Les vœux du général de Gaulle pour 1968, prononcés le 31 décembre 1967, ne manquent en effet pas de saveur aujourd’hui. "Que sera 1968 ? L’avenir n’appartient pas aux hommes et je ne le prédis pas. Pourtant en considérant la façon dont les choses se présentent, c’est vraiment avec confiance que j’envisage les douze prochains mois, l’existence de notre pays." De Gaulle, qui croyait à la tragédie de l’Histoire et semblait, d’une certaine façon, regretter les tempêtes et les temps agités, poursuivait : « Les vers de Verlaine, “Mon Dieu, mon Dieu, la vie est là, simple et tranquille”, peuvent évoquer une paisible demeure, non pas un grand peuple en marche. Je crois cependant qu’au total, à moins de grave secousse qui bouleverserait l’univers, notre situation continuera de progresser et que tout le monde y trouvera son compte."
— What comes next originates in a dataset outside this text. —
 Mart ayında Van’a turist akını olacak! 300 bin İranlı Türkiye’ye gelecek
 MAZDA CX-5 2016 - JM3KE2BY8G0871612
Même quand les choses se présentent bien, que "la France s’ennuie...", que "le général s’ennuie", lui aussi, comme l’écrira Pierre Viansson-Ponté trois mois plus tard dans Le Monde, les choses peuvent se présenter sous un jour inimaginable, ou que l’on ne veut pas imaginer… Le bouleversement ne vint pas d’une secousse de l’univers mais de l’Université. Du Quartier latin !
Quel sera le destin du "grand peuple en marche" durant la nouvelle année ? Le général de Gaulle l'ignorait en son temps. On imagine qu'il en est de même pour Emmanuel Macron.